Ah, improv, the gift that keeps on giving. When it’s right, that spontaneous joke creation can give you a high better than anything you’ve ever experienced before. Deep Cover finds some of those highs in a different medium, a movie I would have gladly watched in a theater but have to settle for on a night in on Amazon Prime. Before we start I need an example of a great comedy trio!
It’s tough times for Kat (Bryce Dallas Howard). Time has passed the actress by, as she’s teaching improv in London but about to lose her work visa. Fate comes to her in the form of detective Billings (Sean Bean), who uses improvisers to find out where drug supplies are coming from. He pays Kat to bring two others to help her with the latest purchase. After her first, um, 10ish choices fall through, she pulls in IT worker and improv beginner Hugh (Nick Mohammed) and method acting wannabe Marlon (Orlando Bloom) to help make some quick cash and really act in…something. This puts the trio on a collision course with the local kingpin Fly (Paddy Considine) and his scary muscle Shosh (Sonoya Mizuno).
For a movie built upon improv comedians, Deep Cover thankfully never feels like it’s script was free wheelin. This puts the plot closer to equal footing with the comedy, a feat not tried since the great Game Night a few years ago. The result? A story that builds to the climax instead of running out of steam by the hour mark. Action sequences have well thought out choreography, using the novice nature of the 3 comedians to deliver the funny, not some forced sight gag. This makes those sequences get funnier as they go along, usually punctuated by a punch line organically spawn from the situation we find ourselves in. There’s even a plot twist or two that legitimately caught me off guard, not usually something I’m looking for in a funny movie, but very welcome to keep me on my toes as we get to the end.

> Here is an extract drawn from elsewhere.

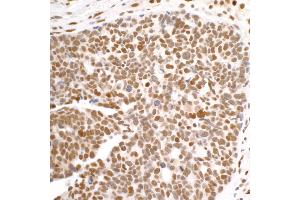 Immunohistochemistry (IHC) image for anti-DEAD (Asp-Glu-Ala-Asp) Box Polypeptide 1 (DDX1) (C-Term) antibody (ABIN7453882)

But Deep Cover is a comedy, so it’s really banking on Bryce Dallas Howard, Nick Mohammed, and Orlando Bloom to embrace their inner comedy nerds, something we really haven’t seen from 2 of the 3, and definitely not together. But the improv Gods smiled down upon us: those 3 find magic with their chemistry together, with Howard being the glue, Mohammed the awkward humorist and Bloom the deranged overly dramatic actor. Each scene has a base built in where Kat introduces something, Marlon goes down some emotionally turbulent rabbit hole, and Hugh fails trying to keep up, as Kat grows increasingly upset and confused at her coworkers but Yes And’s their nonsense. Even Howard gets a chance to let loose here and there with surprising success, especially at an intervention with her friends. Supporting our troupe are British vets like Sean Bean and Paddy Considine, happily doing the plot lifting to let the three leads make the laughs.
Deep Cover isn’t winning any awards. But at least it doesn’t fail where other streaming movies have: entertain the audience. I’d love to see this trio continue, particularly Orlando Bloom. This is a new lane I hope he continues to ride in, going more and more deranged method as the movies go along, eventually leading to him cosplaying as Jack Sparrow while Nick Mohammed is forced to be his character from Pirates of the Caribbean.